Human immunodeficiency virus (HIV) infection is commonly associated with neurological disease that occurs in the apparent absence of extensive infection of brain cells by HIV, suggesting that indirect mechanisms account for neuropathogenesis in the CNS, perhaps including changes in the normal neuroprotective functions of astrocytes. To test this hypothesis, we examined the effect of the pro-inflammatory cytokine, tumor necrosis factor α (TNFα), produced by HIV-1-infected macrophages and microglia, on glutamate transport by primary human fetal astrocytes (PHFAs). A dose-dependent inhibition of high affinity glutamate uptake sites was observed 12-24 h after addition of exogenous recombinant human TNFα to PHFAs.
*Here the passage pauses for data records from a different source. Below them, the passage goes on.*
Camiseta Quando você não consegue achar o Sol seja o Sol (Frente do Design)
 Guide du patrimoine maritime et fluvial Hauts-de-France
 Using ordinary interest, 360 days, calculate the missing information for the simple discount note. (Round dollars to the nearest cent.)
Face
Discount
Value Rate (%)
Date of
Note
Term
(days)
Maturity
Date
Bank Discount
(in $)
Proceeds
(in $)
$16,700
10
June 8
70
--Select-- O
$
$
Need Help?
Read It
This effect was specific since it was blocked by a neutralizing monoclonal antibody directed against TNFα. Furthermore, the inhibitory effect was reproduced by a monoclonal antibody that is an agonist at the 55-kDa TNF receptor. These results suggest that the neurotoxic effects of TNFα may be due in part to its ability to inhibit glutamate uptake by astrocytes, which in turn may result in excitotoxic concentrations of glutamate in synapses.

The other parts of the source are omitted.